Temel, bu buluşmalara şu aşamada ittifak denmesinin gerçekçi olmadığını da belirterek, “Bu birlikte yan yana durma ve mücadele birliği girişimidir. Daha sonra bu ittifaka veya çeşitli evrelere dönüşebilir. Ama kesinlikle bir seçim ya da parlamento eksenli pazarlıklar, sandalye pazarlıklarına dayalı bir birliktelik değil. Biz bu yan yana gelişe seçim odaklı bakmıyoruz. Türkiye’nin ekonomik kriz, adalet krizi, doğa krizi, rejim krizi yaşadığı bir süreçte bu sorunlara, bu yönetememe haline karşı ne yapılabilir tartışmasıdır.

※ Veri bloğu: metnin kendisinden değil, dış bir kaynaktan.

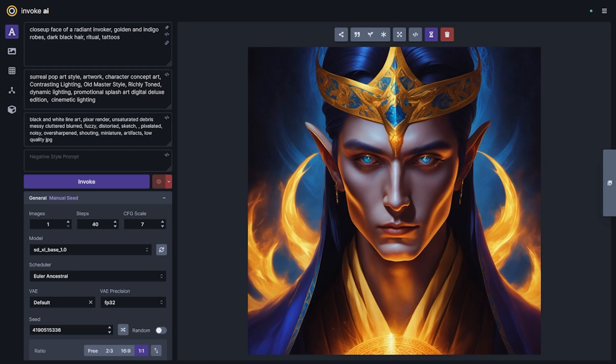Hey everybody, HipsterUserName here. Invoke 3.0.1 is out, and with it, SDXL support in our linear UI. We've made it super easy to put in your SDXL prompts and use the refiner directly from our UI.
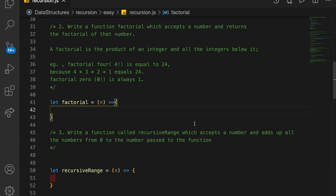This problem is very similar to the last one. It's to write a function factorial, which accepts a number and returns the factorial of that number. The factorial is the product of an integer and all its integers below it.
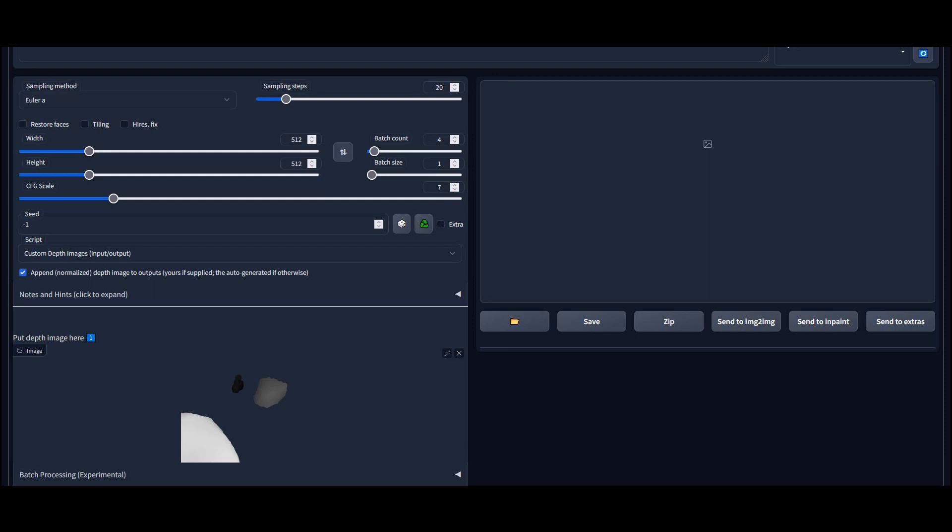Write a good prompt to create a new image based on the depth map. I used the following prompt: Beautiful ocean, windy, rocks, and grass on the rocks.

Bu birlikteliğin nihai hedefi de tabii ki daimi ve sürekli bir ortaklığı yakalamak. Ama hâlâ bu aşamada değiliz” dedi. 

'DEMOKRASİ İTTİFAKINI ÖRGÜTLEYİP BÜYÜTMELİYİZ'

“Demokrasi ittifakı, yıkım ve kriz siyasetine karşı radikal demokrasiyi kurma ve devrimci dönüşümü yakalama sorumluluğudur” diyen HDP Eş Genel Başkan Yardımcısı Tayip Temel, son olarak şunları söyledi: “Krize, faşizme, yıkıma kimse mecbur değildir ve bunun karşısında demokratik birlik alternatifi mümkündür. Bizce bu alternatiftir, herkese açık olmalıdır. Bu birliktelik, en geniş demokrasi güçlerinin ortak sorumluluğu, katılımı ve çabasıyla gerçekleşebilir. Coğrafyamız, halklarımız, ülkemiz bunu fazlasıyla hak ediyor. Böylesi bir ortamda halklarımızın baharı gerçekleşecekse, Türkiye, bütün kimliklerin ve renklerin kendisini özgürce ifade edeceği bir baharı yaşayacaksa bu seçeneği geliştirip, örgütleyip büyütmekle mümkündür.”